The thermographic images of the icing process observed with an IR camera on the uncoated and coated copper samples can be seen in Figure 6 and Figure 7, respectively. The images are presented at surface temperatures of 10 °C, 5 °C, 0 °C, and −5 °C at the marker position (center of the samples). It can be observed that the icing process was non-uniform, and the samples exhibited some thermal gradient, with the edges of the samples cooling down faster compared to the center point. For instance, when the temperature at the center of the sample reached 5 °C for the uncoated sample (Figure 6b), the edges of the sample were already below 0 °C, at approximately −3.0 °C. However, for the purpose of attaining a better understanding, we assumed that the temperatures measured at the marker position represented the overall surface temperature of the sample. Nevertheless, it should be noted that such a thermal gradient may impact wave propagation, and ice formation may begin even if the temperature reading at the center of the sample is positive.

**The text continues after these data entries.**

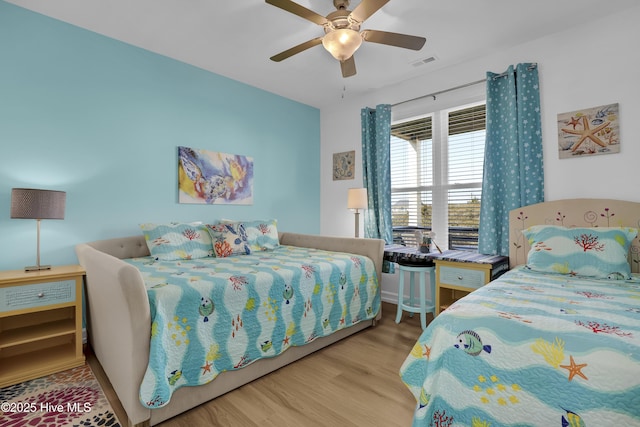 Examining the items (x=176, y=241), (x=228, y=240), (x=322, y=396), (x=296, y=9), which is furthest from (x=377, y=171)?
(x=322, y=396)

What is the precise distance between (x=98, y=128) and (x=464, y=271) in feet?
10.7

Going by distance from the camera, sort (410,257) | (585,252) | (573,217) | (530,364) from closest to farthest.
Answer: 1. (530,364)
2. (585,252)
3. (573,217)
4. (410,257)

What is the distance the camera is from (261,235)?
313 centimetres

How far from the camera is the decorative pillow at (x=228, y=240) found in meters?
2.74

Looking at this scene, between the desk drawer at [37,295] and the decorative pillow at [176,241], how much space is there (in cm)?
58

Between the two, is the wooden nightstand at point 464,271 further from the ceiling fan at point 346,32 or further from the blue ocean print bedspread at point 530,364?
the ceiling fan at point 346,32

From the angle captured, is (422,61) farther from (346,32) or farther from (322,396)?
(322,396)

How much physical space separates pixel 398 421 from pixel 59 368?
2143 mm

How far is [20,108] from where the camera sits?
2248 millimetres

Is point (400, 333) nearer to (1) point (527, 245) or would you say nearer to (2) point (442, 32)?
(1) point (527, 245)

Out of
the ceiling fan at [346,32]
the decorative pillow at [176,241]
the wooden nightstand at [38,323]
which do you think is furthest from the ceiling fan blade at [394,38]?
the wooden nightstand at [38,323]

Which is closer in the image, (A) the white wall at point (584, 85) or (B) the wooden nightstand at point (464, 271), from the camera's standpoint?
(A) the white wall at point (584, 85)

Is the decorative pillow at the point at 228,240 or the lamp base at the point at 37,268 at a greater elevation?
the decorative pillow at the point at 228,240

To verify whether the S1 mode propagated in the structure and arrived first at the sensor, the group velocity reconstruction approach described in Section 4 was implemented. An example of the signal propagating through the copper sample at room temperature is presented in Figure 8a. This signal was filtered using a Gaussian filter, with the center frequency of the filter varying from 0 to 5 MHz with an increment of 0.1 MHz, and the group velocity’s dependence on the frequency was reconstructed considering a fixed propagation distance. The experimentally reconstructed group velocity dispersion curves can be seen in Figure 8b. For better understanding, the group velocity dispersion curves calculated with the SAFE method on the 1.5 mm copper sample at room temperature, shown in Figure 1b, are overlaid on the B-scan image. The results clearly indicate the presence of the S1 mode at a 3 MHz·mm frequency with a group velocity of approximately 3150 m/s. A footprint of the S2 mode can also be observed, which exhibited a group velocity similar to the S1 mode. Similar results were observed in the coated sample; however, to avoid repetition, they were omitted.

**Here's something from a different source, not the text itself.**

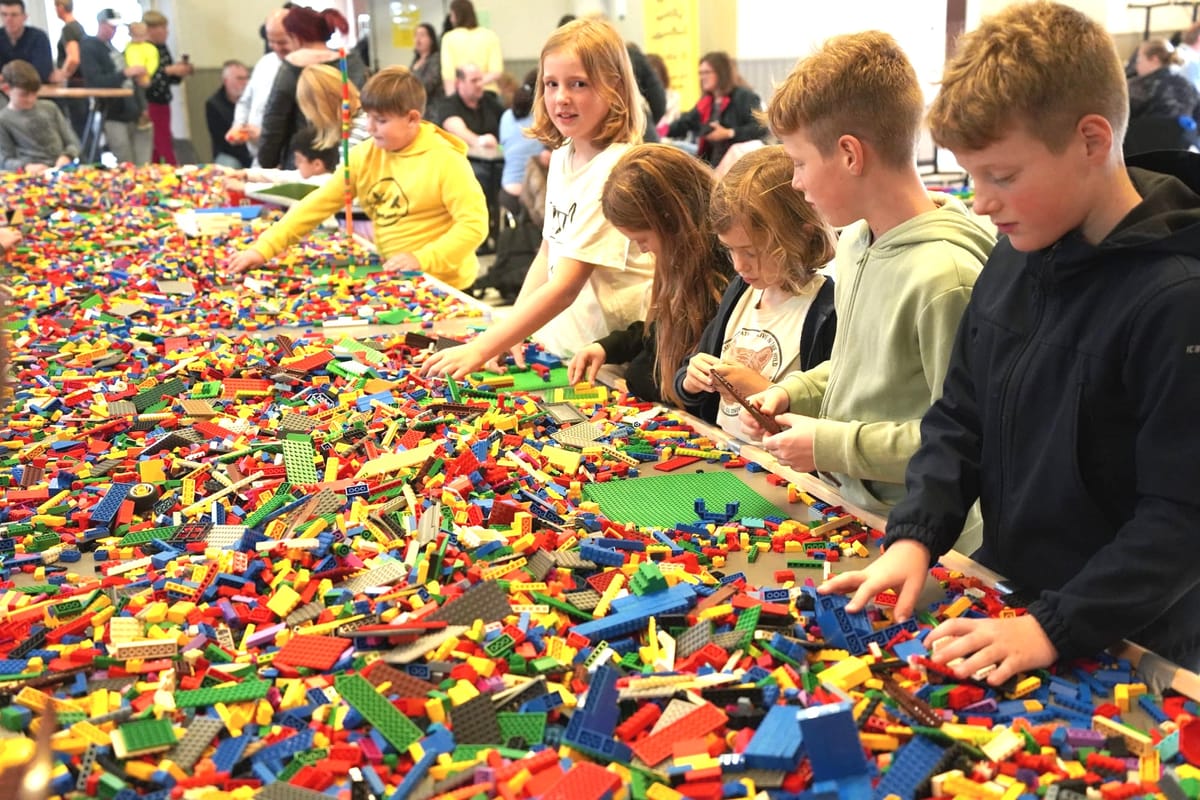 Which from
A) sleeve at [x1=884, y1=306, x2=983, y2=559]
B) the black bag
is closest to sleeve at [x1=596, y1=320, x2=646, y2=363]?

The ice accretion on the surface of the sample was analyzed using the group velocity dependence of the S1 mode on the temperature. The dependencies obtained for the uncoated and coated samples are presented in Figure 9. To avoid the co-existing S2 mode, each signal was filtered with a Gaussian bandpass filter with a center frequency of 2.25 MHz and a bandwidth of 50% at a −6 dB level. From the results, it can be observed that as the temperature decreased, the group velocity of the S1 mode initially increased due to changes in the elastic properties of the material, as demonstrated in Figure 3. However, when the surface temperature reached approximately 5 °C, the group velocity of the S1 mode began to decrease due to the formation of the ice layer, primarily around the edges of the sample, as shown in Figure 6 and Figure 7. As the temperature continued to decrease, the group velocity steadily decreased as a result of ice accretion. This confirms the general trends presented in Figure 4.

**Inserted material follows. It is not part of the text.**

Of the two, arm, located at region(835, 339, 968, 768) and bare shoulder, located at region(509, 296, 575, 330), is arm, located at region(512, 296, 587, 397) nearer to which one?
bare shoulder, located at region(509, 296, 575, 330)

The overall changes observed in the S1 mode were relatively small, indicating around from 1.5 m/s to 3 m/s variations in the group velocity below 0 °C. To accurately account for such changes, the thermal expansion of the material must be taken into consideration. It is known that any material subjected to temperature fluctuations will undergo thermal expansion, resulting in modifications to its dimensions. In this study, the temperature ranged from 25 °C to −15 °C, potentially impacting the measurement results of the group velocity. To mitigate this effect, the linear thermal expansion of the copper samples was estimated according to the following equation:
L = α · L b · T ,
where α is the linear thermal expansion coefficient (1/°C), and T is the temperature change in °C. In this study, we used a 16.6 × 10−6/°C thermal expansion coefficient to describe copper. The obtained thermal expansion dependencies on the temperature revealed that the length of the samples decreased by approximately −0.03 mm per desired temperature range. Although the changes in the sample dimensions were negligible, they may contribute to a group velocity measurement error of up to 2 m/s, which is significant for early-stage ice detection. Therefore, the thermal expansion of the copper was taken into account in the reconstruction of the group velocity dependencies of the S1 mode on the temperature. The compensated group velocity dependencies are presented in Figure 10. The results in Figure 10 suggest that the slope of the group velocity decay changed. A linear approximation of the group velocity decay due to icing can be observed in Figure 11. It is apparent that the group velocity changes were more pronounced for the uncoated sample, suggesting faster ice accretion. On the other hand, surface coatings may alter the surface wetting conditions, and without measuring the actual thickness of the ice layer, it is impossible to conclude whether ice did not form on the coated surface at all. Nevertheless, the group velocity measurements show that the ice loading acted differently on the coated and uncoated samples.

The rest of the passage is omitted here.